Working data
+ + +
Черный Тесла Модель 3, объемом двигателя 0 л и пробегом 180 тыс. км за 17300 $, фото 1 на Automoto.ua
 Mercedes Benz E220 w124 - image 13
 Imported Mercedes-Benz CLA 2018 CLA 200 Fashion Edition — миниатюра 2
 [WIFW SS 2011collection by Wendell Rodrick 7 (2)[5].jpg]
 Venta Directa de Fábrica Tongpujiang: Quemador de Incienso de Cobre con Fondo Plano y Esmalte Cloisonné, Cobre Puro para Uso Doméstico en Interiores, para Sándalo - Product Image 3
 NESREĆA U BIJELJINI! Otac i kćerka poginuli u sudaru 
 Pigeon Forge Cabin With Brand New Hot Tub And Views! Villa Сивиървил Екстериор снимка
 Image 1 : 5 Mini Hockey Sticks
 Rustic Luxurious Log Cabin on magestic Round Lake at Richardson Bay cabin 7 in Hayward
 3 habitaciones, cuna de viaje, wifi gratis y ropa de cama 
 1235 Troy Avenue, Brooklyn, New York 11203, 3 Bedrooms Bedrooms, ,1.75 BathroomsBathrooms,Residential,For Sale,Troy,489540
+ + +
Directions for this task
Above are the records; from them, give again exactly the lines from the one containing "Imported Mercedes-Benz CLA" to the one containing "3 habitaciones, cuna", both lines included, and nothing more.

Task output
 Imported Mercedes-Benz CLA 2018 CLA 200 Fashion Edition — миниатюра 2
 [WIFW SS 2011collection by Wendell Rodrick 7 (2)[5].jpg]
 Venta Directa de Fábrica Tongpujiang: Quemador de Incienso de Cobre con Fondo Plano y Esmalte Cloisonné, Cobre Puro para Uso Doméstico en Interiores, para Sándalo - Product Image 3
 NESREĆA U BIJELJINI! Otac i kćerka poginuli u sudaru 
 Pigeon Forge Cabin With Brand New Hot Tub And Views! Villa Сивиървил Екстериор снимка
 Image 1 : 5 Mini Hockey Sticks
 Rustic Luxurious Log Cabin on magestic Round Lake at Richardson Bay cabin 7 in Hayward
 3 habitaciones, cuna de viaje, wifi gratis y ropa de cama 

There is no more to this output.